What the agentic AI era means for ad agencies, with Omnicom’s Jonathan Nelson
Omnicom Group’s pending acquisition of Interpublic Group seems especially timely in the hindsight of last week’s Consumer Electronics Show in Las Vegas.
A major talking point among the brand and agency executives in attendance was the onset of the so-called agentic era of artificial intelligence, in which AI tools handle multi-step tasks for people like booking a full travel itinerary — or firing off a client brief. In this era, data will be at even more of a premium than it is today
“If you think about the IPG acquisition, we will have a broader platform to to do things. We will have the broadest dataset on the buy side anywhere in the world, and more expertise, more clients,” Jonathan Nelson, CEO of the agency holding company’s digital arm Omnicom Digital, said on the latest Digiday Podcast, which was recorded in person at CES.
The combined company will also have Omni AI, a product that Omnicom is developing to combine various foundational large language models. “We’re putting that on every employee’s desktop in Omnicom right now,” Nelson said.
Which gets at another aspect of how AI will affect agencies’ business.
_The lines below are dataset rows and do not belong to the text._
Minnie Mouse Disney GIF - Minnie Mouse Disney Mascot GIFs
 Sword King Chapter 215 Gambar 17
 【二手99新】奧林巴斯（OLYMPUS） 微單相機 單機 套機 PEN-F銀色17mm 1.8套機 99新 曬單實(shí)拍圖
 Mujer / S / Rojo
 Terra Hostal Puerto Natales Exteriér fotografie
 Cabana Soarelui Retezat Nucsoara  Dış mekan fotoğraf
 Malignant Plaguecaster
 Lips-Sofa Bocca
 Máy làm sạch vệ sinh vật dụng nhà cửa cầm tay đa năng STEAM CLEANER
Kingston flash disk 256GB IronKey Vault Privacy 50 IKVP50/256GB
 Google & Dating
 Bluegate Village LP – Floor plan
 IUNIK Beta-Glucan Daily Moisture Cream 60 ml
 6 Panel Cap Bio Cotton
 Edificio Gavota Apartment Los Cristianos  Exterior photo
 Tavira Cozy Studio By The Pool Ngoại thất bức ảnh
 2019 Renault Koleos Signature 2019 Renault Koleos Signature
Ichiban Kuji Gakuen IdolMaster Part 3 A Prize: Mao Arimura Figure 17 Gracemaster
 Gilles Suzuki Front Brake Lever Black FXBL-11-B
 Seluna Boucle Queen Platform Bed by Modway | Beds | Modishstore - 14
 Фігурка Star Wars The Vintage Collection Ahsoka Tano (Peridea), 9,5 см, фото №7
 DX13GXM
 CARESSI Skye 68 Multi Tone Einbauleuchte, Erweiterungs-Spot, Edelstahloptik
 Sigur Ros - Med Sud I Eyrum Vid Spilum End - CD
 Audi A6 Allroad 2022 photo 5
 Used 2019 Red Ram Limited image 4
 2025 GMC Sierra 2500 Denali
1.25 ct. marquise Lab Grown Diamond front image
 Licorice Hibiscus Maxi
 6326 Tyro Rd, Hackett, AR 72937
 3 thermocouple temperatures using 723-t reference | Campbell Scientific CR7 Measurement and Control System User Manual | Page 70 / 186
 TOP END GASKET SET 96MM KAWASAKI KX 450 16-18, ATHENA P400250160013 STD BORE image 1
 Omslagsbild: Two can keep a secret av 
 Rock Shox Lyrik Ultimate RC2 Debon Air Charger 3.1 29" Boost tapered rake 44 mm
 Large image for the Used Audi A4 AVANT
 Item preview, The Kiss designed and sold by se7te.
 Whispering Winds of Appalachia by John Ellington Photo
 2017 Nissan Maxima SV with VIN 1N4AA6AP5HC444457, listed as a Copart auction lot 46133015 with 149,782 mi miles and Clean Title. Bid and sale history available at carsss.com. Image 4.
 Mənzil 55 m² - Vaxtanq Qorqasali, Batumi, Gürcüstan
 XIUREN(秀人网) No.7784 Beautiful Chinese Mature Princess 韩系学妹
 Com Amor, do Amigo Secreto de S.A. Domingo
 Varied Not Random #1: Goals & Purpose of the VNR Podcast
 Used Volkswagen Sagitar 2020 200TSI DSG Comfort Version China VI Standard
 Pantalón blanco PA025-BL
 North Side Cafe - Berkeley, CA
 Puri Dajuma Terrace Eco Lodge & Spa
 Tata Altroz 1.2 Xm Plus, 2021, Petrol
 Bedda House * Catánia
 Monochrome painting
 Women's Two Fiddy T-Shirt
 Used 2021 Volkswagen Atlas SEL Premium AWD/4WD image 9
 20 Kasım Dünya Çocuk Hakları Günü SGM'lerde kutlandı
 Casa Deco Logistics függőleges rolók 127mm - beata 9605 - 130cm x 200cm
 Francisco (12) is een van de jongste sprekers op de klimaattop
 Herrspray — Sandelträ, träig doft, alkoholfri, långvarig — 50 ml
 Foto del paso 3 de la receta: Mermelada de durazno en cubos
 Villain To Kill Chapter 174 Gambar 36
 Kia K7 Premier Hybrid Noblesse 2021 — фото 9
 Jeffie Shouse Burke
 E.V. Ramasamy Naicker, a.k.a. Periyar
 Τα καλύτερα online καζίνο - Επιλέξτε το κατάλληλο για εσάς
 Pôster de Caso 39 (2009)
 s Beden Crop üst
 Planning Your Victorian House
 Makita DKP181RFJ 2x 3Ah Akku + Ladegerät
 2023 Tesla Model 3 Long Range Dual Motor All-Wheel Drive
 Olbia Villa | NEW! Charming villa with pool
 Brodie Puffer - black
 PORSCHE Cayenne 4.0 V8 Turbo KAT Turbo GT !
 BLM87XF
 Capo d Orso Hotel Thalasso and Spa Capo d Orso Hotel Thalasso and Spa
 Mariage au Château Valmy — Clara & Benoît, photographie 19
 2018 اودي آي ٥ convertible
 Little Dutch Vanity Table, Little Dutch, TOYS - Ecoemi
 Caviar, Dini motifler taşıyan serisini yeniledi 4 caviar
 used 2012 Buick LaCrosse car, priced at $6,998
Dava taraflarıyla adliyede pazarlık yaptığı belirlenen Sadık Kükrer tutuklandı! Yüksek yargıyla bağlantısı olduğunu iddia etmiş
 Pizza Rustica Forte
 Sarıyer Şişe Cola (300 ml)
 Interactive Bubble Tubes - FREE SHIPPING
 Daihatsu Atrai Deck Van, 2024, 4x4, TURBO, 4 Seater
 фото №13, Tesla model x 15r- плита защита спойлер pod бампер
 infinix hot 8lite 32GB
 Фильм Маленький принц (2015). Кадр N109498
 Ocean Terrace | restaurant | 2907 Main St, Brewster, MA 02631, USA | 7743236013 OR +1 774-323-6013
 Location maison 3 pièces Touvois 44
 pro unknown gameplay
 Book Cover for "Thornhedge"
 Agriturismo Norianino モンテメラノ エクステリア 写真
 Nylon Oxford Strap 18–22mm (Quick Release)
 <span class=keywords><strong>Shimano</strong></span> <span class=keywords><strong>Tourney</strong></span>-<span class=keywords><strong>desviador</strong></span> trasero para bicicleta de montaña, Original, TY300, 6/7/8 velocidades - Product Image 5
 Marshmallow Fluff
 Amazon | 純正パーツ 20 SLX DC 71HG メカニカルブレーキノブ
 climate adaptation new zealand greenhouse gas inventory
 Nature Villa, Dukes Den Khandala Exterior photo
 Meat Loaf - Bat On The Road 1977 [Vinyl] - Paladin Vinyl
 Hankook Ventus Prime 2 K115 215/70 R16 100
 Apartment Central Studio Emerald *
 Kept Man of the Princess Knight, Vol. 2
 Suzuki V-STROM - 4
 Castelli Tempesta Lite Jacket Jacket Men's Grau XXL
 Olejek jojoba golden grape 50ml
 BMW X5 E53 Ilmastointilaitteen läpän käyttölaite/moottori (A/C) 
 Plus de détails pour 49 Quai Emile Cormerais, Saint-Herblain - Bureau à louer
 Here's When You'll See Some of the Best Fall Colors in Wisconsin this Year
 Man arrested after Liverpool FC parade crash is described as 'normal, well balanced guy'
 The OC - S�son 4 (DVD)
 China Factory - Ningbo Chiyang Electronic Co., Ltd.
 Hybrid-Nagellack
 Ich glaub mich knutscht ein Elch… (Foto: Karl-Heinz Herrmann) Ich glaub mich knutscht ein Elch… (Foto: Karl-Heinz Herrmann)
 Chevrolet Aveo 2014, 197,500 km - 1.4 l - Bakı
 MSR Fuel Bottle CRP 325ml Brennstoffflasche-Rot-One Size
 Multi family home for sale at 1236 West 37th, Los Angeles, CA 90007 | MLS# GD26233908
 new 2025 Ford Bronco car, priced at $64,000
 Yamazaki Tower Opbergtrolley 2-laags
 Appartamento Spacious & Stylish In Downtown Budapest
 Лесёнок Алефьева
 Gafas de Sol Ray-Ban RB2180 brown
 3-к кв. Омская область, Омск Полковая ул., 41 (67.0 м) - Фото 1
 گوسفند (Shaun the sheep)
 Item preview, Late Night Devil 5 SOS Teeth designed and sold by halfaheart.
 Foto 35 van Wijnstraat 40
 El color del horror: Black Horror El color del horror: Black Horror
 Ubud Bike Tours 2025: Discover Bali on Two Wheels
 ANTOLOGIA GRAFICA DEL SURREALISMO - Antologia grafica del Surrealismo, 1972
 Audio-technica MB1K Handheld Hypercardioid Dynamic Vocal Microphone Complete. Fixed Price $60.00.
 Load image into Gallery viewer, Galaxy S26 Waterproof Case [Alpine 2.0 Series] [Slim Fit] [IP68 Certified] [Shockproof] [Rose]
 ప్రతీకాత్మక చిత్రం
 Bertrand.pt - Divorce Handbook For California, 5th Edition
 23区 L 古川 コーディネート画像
As agencies effectively outsource tasks to AI tools, the traditional agency compensation model — in which agencies are paid in accordance with the time it takes to complete client projects — will be under pressure. This is again where Omnicom is counting on the combination with IPG and the corresponding dataset — as well as its previous acquisition of commerce platform Flywheel — to be able to adopt a model in which its client fees are contingent on the results of its work rather than the time it takes to complete that work.
“Here we are sitting on this massive dataset. It’s coming together across audience, activation, outcomes. It has that purpose, which is driving towards outcomes remuneration,” said Nelson.